Faith therefore is not an aesthetic emotion but something far higher, precisely because it has resignation as its presupposition;  it is not an immediate instinct of the heart, but is the paradox of life and existence.
- Søren Kierkegaard

It was early on Saturday. Surrounded by soupy overcast skies and with a twinge of change in the weather, I ventured out to the downtown bookshop, Pressed. It's a delight coming early in the morning, as the quiet atmosphere makes me feel as if it's all my own, for a few minutes anyway. After ordering a coffee and a brief browse of the shelves (saying hello to my own published books on the shelves) I settle down at a table with a rose latte (wonderfully delicious), and pull out the book I keep anticipating getting to open again for any time I can grab - Fear and Trembling by Søren Kierkegaard. 

This is a re-read for me, but oh how this is like reading all afresh. I have learned in the last few years how to read S.K. as I would find myself sometimes feeling rather confused by his genius. He's hard to keep up with sometimes, so with him I read slowly, digesting each sentence. I now follow him with a deeper understanding, and wow, the effort is worth it. He makes me think about things I realize now I have always pondered and yet never explored. And he argues head-on with the philosophical viewpoints of his day (which have passed down to our own day in altered ways through Hegel then others). S.K. is now known as the grandfather of existentialism. Future philosophers take pieces of his ideas (on the individual and the absurd) to create their own version of modern 20th century philosophy, yet removed from Christianity. When those modern thinkers talk about the absurd, this is what S.K. holds up for us to see more deeply into the paradox of Christianity in Fear and Trembling.

The story of Abraham and Isaac is well known to us, and yet how have we explained this story? Have we failed to see by what ethical and moral standards this story makes sense in the world where a father is set to sacrifice his son? S.K. argues that there is something higher than the moral and ethical of this world, and he looks to the story of Abraham as containing a teleological suspension of the ethical. The teleological is that which is concerned with the design and purpose in the materials world. S.K. explains that looking at Abraham from a purely ethical standpoint (as if ethics was the highest thing, which by the way would be thinking like a Greek), Abraham could be called a murderer. The fact that he was willing to sacrifice (murder) his beloved son is a terrible thing to behold in that viewpoint. And yet, if we are able to suspend our worldly view of the ethical and accept that by virtue of the absurd (meaning something which we cannot explain or understand) we can come to the conclusion that there is something higher at work here, something far greater, that is faith.
Abraham is the representative of faith, and that faith is normally expressed in him whose life is not merely the most paradoxical that can be thought but so paradoxical that it cannot be thought at all. He acts by virtue of the absurd, for it is precisely absurd that he as the particular is higher than the universal...By virtue of the absurd he gets Isaac again. Abraham is therefore at no instant a tragic hero but something quite different, either a murderer or a believer. The middle term which saves the tragic hero, Abraham has not. Hence it is that I can understand the tragic hero but cannot understand Abraham, though in a certain crazy sense I admire him more than all other men.
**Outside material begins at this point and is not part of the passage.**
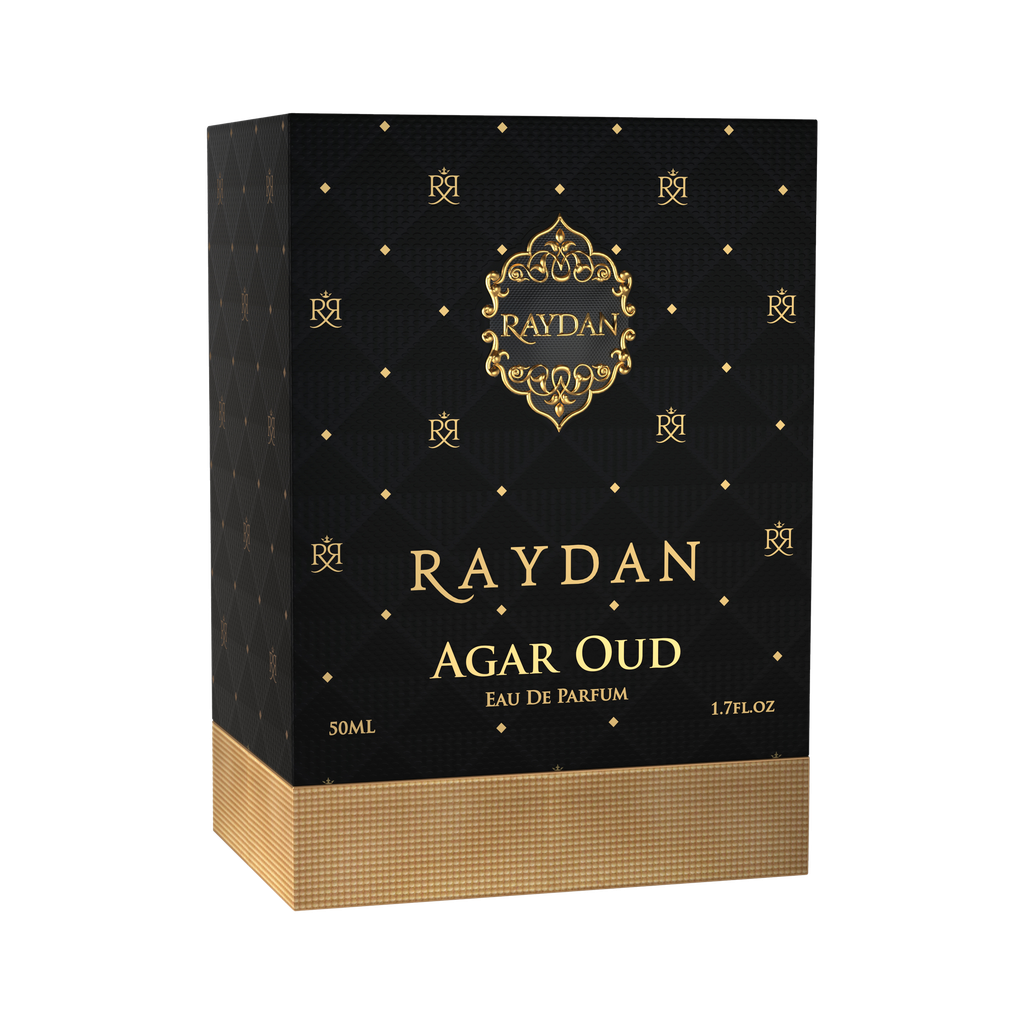 AGAR OUD PERFUME 50ML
S.K. compares Abraham with the Greek tragic heroes to pull different points on how they are not representing the same thing. For the Greek tragic hero, the ethical is the highest, that is, a relationship between father, son, daughter, etc. There is no personal relationship with their deity. There is nothing higher than that in their world. However, S.K. is drawing us to overstep the ethical entirely and into a higher telos (end).

Abraham is willing to give everything up (resign it all, including his most beloved son Isaac) for God, which S.K. refers to as infinite resignation. Doing this allows one to be lead to faith, and in faith one acquires everything. This is why Abraham is known for his faith, and praised for it. He gave everything up to gain it all through faith.

I have much more to read - but reading into S.K.'s thoughts makes me feel the need to stop and think about it, write about it, and keep reading. Hopefully I will get to have some more coffee with Kierkegaard soon.